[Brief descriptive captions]
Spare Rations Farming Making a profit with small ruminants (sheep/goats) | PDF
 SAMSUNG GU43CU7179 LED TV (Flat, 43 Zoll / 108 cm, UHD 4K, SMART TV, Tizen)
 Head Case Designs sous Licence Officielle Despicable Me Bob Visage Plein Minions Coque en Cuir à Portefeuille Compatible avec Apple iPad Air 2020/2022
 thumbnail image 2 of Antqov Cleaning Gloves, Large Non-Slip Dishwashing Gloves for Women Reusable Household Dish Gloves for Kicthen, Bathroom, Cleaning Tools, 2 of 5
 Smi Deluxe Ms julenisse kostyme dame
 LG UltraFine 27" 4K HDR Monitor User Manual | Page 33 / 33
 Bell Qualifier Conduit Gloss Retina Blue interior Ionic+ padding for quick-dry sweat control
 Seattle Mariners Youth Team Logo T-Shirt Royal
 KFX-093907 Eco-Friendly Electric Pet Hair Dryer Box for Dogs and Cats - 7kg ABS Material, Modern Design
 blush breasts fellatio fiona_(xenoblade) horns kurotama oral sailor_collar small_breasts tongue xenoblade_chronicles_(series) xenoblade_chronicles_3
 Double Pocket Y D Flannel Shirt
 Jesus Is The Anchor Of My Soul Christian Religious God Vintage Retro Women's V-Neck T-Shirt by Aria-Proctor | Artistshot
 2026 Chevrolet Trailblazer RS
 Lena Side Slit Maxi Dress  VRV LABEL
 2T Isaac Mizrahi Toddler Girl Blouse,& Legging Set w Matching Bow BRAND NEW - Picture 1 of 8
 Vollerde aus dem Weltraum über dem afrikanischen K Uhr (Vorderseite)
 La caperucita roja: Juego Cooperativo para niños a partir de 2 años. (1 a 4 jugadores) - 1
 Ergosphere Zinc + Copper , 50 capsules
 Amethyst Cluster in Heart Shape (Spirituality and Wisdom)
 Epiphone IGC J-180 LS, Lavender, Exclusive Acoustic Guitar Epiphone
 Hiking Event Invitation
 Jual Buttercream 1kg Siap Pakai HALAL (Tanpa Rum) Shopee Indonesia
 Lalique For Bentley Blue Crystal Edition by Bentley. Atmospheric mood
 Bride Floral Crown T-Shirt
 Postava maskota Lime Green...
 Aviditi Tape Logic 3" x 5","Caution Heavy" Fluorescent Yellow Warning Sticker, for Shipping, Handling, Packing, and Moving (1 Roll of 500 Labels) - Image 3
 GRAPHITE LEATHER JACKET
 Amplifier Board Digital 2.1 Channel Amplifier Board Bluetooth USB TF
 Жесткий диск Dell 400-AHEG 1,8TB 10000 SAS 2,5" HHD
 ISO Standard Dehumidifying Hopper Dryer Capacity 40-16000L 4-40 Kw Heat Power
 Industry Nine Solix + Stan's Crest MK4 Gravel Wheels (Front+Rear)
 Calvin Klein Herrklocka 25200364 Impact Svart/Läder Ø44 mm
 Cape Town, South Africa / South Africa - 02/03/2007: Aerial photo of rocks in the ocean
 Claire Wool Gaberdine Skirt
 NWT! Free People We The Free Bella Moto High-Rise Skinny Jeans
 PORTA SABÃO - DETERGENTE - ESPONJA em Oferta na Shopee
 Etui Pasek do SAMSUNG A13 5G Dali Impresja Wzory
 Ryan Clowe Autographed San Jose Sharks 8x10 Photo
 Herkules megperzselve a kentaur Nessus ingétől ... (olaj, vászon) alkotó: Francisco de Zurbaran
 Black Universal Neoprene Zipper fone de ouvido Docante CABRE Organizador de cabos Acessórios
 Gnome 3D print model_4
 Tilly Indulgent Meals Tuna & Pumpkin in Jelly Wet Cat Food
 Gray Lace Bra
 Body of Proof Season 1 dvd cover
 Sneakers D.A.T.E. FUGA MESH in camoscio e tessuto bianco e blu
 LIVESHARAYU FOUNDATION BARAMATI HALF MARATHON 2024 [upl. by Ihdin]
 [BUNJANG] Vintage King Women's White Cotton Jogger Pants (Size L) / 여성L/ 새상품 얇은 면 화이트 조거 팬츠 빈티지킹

* **Exercise objective**
Set the entries down again, unchanged and complete.

* **Task output**
Spare Rations Farming Making a profit with small ruminants (sheep/goats) | PDF
 SAMSUNG GU43CU7179 LED TV (Flat, 43 Zoll / 108 cm, UHD 4K, SMART TV, Tizen)
 Head Case Designs sous Licence Officielle Despicable Me Bob Visage Plein Minions Coque en Cuir à Portefeuille Compatible avec Apple iPad Air 2020/2022
 thumbnail image 2 of Antqov Cleaning Gloves, Large Non-Slip Dishwashing Gloves for Women Reusable Household Dish Gloves for Kicthen, Bathroom, Cleaning Tools, 2 of 5
 Smi Deluxe Ms julenisse kostyme dame
 LG UltraFine 27" 4K HDR Monitor User Manual | Page 33 / 33
 Bell Qualifier Conduit Gloss Retina Blue interior Ionic+ padding for quick-dry sweat control
 Seattle Mariners Youth Team Logo T-Shirt Royal
 KFX-093907 Eco-Friendly Electric Pet Hair Dryer Box for Dogs and Cats - 7kg ABS Material, Modern Design
 blush breasts fellatio fiona_(xenoblade) horns kurotama oral sailor_collar small_breasts tongue xenoblade_chronicles_(series) xenoblade_chronicles_3
 Double Pocket Y D Flannel Shirt
 Jesus Is The Anchor Of My Soul Christian Religious God Vintage Retro Women's V-Neck T-Shirt by Aria-Proctor | Artistshot
 2026 Chevrolet Trailblazer RS
 Lena Side Slit Maxi Dress  VRV LABEL
 2T Isaac Mizrahi Toddler Girl Blouse,& Legging Set w Matching Bow BRAND NEW - Picture 1 of 8
 Vollerde aus dem Weltraum über dem afrikanischen K Uhr (Vorderseite)
 La caperucita roja: Juego Cooperativo para niños a partir de 2 años. (1 a 4 jugadores) - 1
 Ergosphere Zinc + Copper , 50 capsules
 Amethyst Cluster in Heart Shape (Spirituality and Wisdom)
 Epiphone IGC J-180 LS, Lavender, Exclusive Acoustic Guitar Epiphone
 Hiking Event Invitation
 Jual Buttercream 1kg Siap Pakai HALAL (Tanpa Rum) Shopee Indonesia
 Lalique For Bentley Blue Crystal Edition by Bentley. Atmospheric mood
 Bride Floral Crown T-Shirt
 Postava maskota Lime Green...
 Aviditi Tape Logic 3" x 5","Caution Heavy" Fluorescent Yellow Warning Sticker, for Shipping, Handling, Packing, and Moving (1 Roll of 500 Labels) - Image 3
 GRAPHITE LEATHER JACKET
 Amplifier Board Digital 2.1 Channel Amplifier Board Bluetooth USB TF
 Жесткий диск Dell 400-AHEG 1,8TB 10000 SAS 2,5" HHD
 ISO Standard Dehumidifying Hopper Dryer Capacity 40-16000L 4-40 Kw Heat Power
 Industry Nine Solix + Stan's Crest MK4 Gravel Wheels (Front+Rear)
 Calvin Klein Herrklocka 25200364 Impact Svart/Läder Ø44 mm
 Cape Town, South Africa / South Africa - 02/03/2007: Aerial photo of rocks in the ocean
 Claire Wool Gaberdine Skirt
 NWT! Free People We The Free Bella Moto High-Rise Skinny Jeans
 PORTA SABÃO - DETERGENTE - ESPONJA em Oferta na Shopee
 Etui Pasek do SAMSUNG A13 5G Dali Impresja Wzory
 Ryan Clowe Autographed San Jose Sharks 8x10 Photo
 Herkules megperzselve a kentaur Nessus ingétől ... (olaj, vászon) alkotó: Francisco de Zurbaran
 Black Universal Neoprene Zipper fone de ouvido Docante CABRE Organizador de cabos Acessórios
 Gnome 3D print model_4
 Tilly Indulgent Meals Tuna & Pumpkin in Jelly Wet Cat Food
 Gray Lace Bra
 Body of Proof Season 1 dvd cover
 Sneakers D.A.T.E. FUGA MESH in camoscio e tessuto bianco e blu
 LIVESHARAYU FOUNDATION BARAMATI HALF MARATHON 2024 [upl. by Ihdin]
 [BUNJANG] Vintage King Women's White Cotton Jogger Pants (Size L) / 여성L/ 새상품 얇은 면 화이트 조거 팬츠 빈티지킹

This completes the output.